▶ _ABOUT THIS EXERCISE_:
Everything in the records must be copied exactly, apart from the pictures.

▶ _PROVIDED ENTRIES_:
== == ==
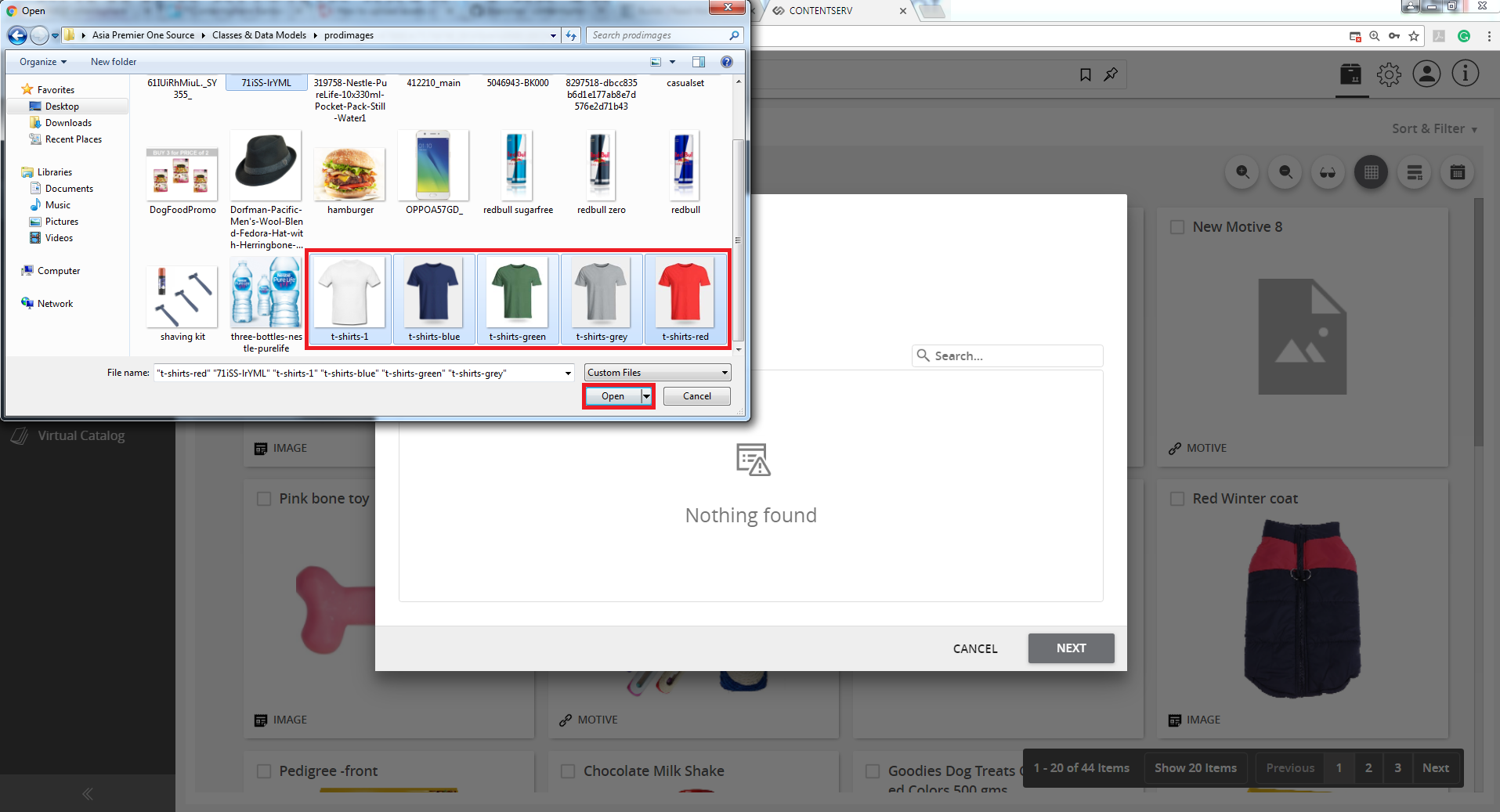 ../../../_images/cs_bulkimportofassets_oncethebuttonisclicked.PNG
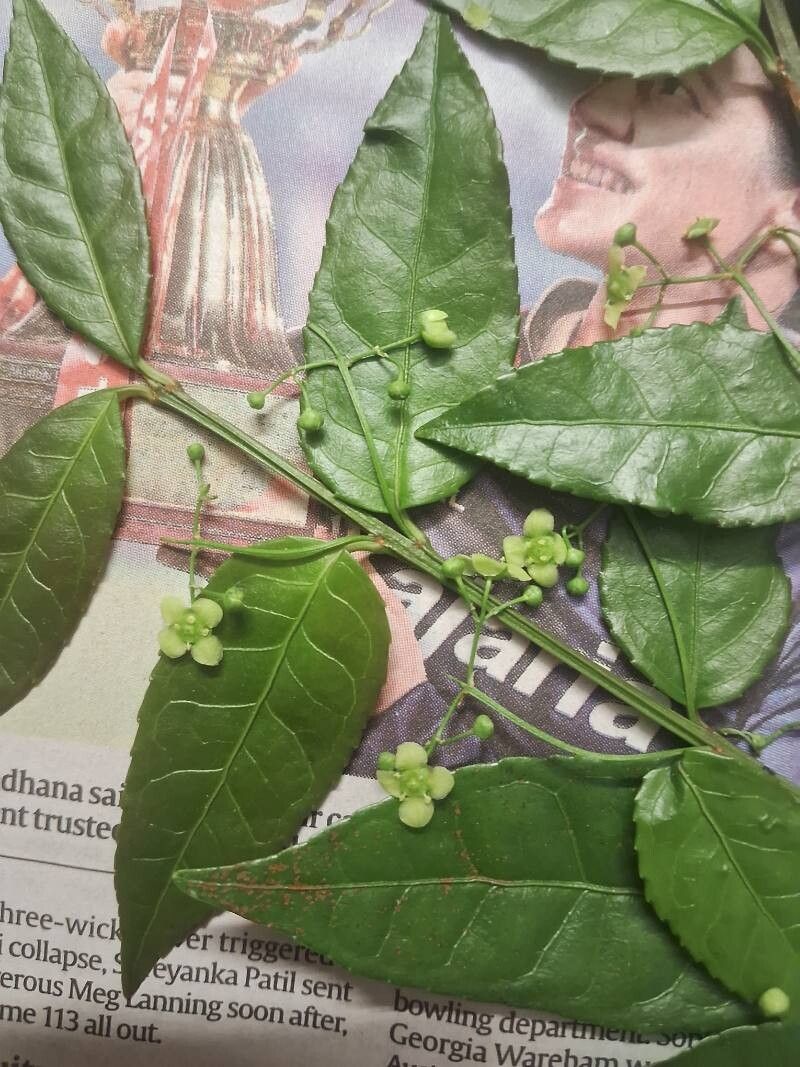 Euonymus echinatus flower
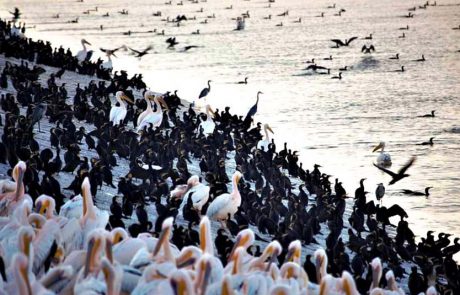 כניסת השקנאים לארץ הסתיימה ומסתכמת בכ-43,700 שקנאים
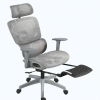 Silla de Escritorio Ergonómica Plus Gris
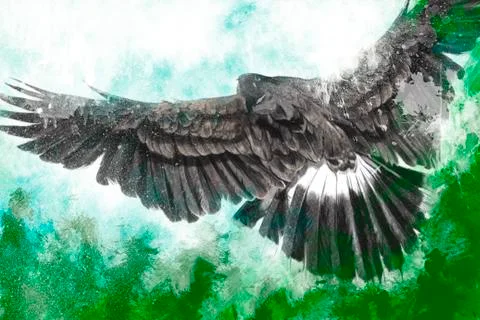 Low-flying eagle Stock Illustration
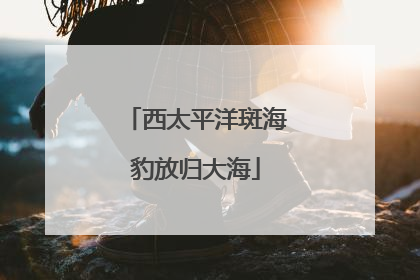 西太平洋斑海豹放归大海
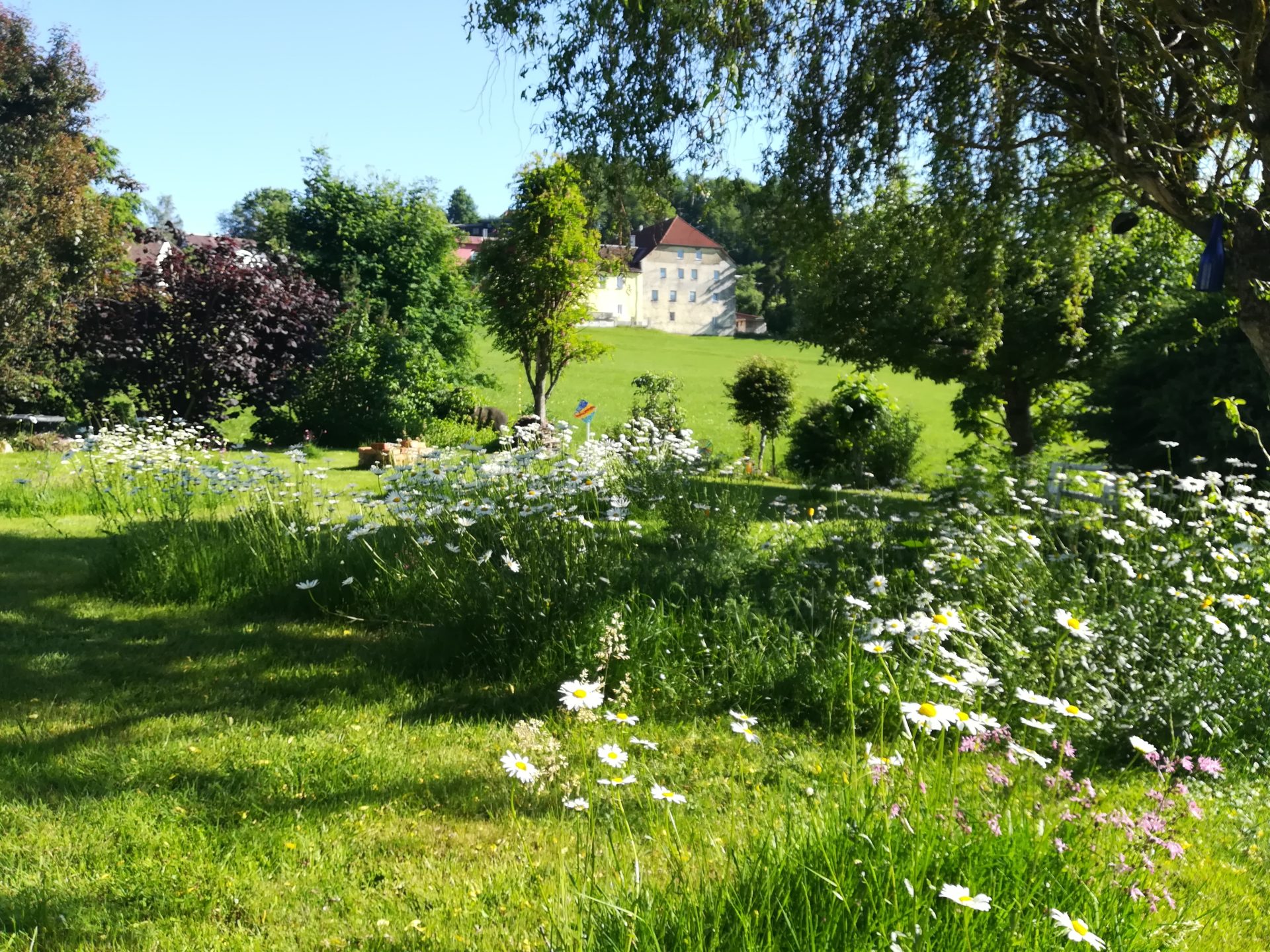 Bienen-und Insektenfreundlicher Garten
== == ==
▶ _REPLY_:
 ../../../_images/cs_bulkimportofassets_oncethebuttonisclicked.PNG
 Euonymus echinatus flower
 כניסת השקנאים לארץ הסתיימה ומסתכמת בכ-43,700 שקנאים
 Silla de Escritorio Ergonómica Plus Gris
 Low-flying eagle Stock Illustration
 西太平洋斑海豹放归大海
 Bienen-und Insektenfreundlicher Garten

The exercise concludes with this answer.